Rick linked, here, to an argument by Mr. Clegg and Mr. von Spakovsky about the proper construction of section 2 of the Voting Rights Act. The argument is predicated on the notion that it’s constitutionally questionable to construe section 2 to exact liability upon statistical evidence of disparate impact alone. They ask the courts to steer clear of this purported danger zone, and counsel for a much narrower interpretation of section 2.

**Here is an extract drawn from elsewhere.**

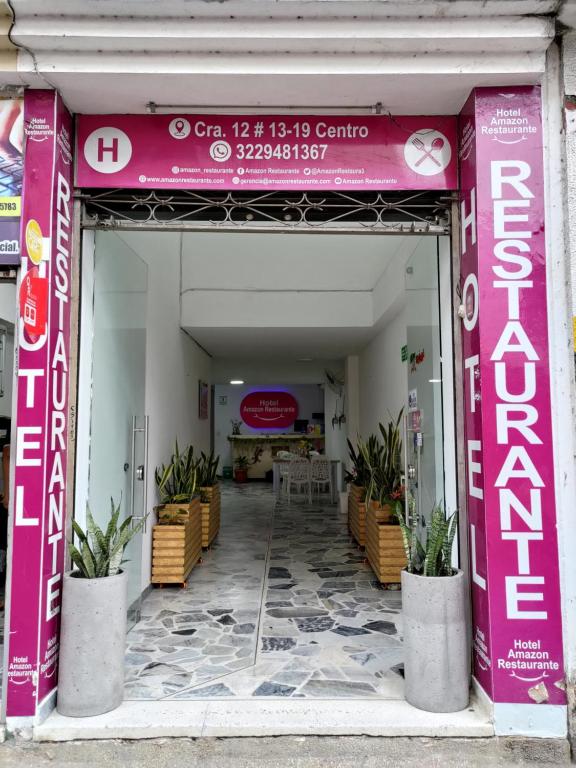 a pink entrance to a building with a table and chairs at Hotel Amazon in Florencia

But the statute only needs extra steering if there’s actually a danger. The image of section 2 as predicated on effects alone is yet another bad caricature of what the Voting Rights Act does. (I’ve been working on a sequel to that linked paper. There are plenty of assumptions about what section 2 does and doesn’t do that aren’t based on the actual statute.)
It’s true that section 2 is often called an “effects” or “results” test — as imprecise shorthand. But as Mr. Clegg and Mr. von Spakovsky mention, and as I’ve explained, that’s not what the text does. At least recently (and perhaps since the 1982 amendment), courts have demanded more than just purely disparate results. That is, “calling section 2’s test a ‘results test’ is something of a misnomer” — US v. Blaine County, 363 F.3d 897, 909 (9th Cir. 2004). And Mr. Clegg and Mr. von Spakovsky themselves cite a litany of cases holding that section 2 is not violated purely by a showing of disparate impact.
If the actual statute doesn’t create liability on disparate impact alone (with nothing more to add to the “totality of circumstances”), and if courts aren’t misconstruing the statute to do so, doesn’t that suggest that section 2 is already tailored to avoid the supposed constitutional difficulty?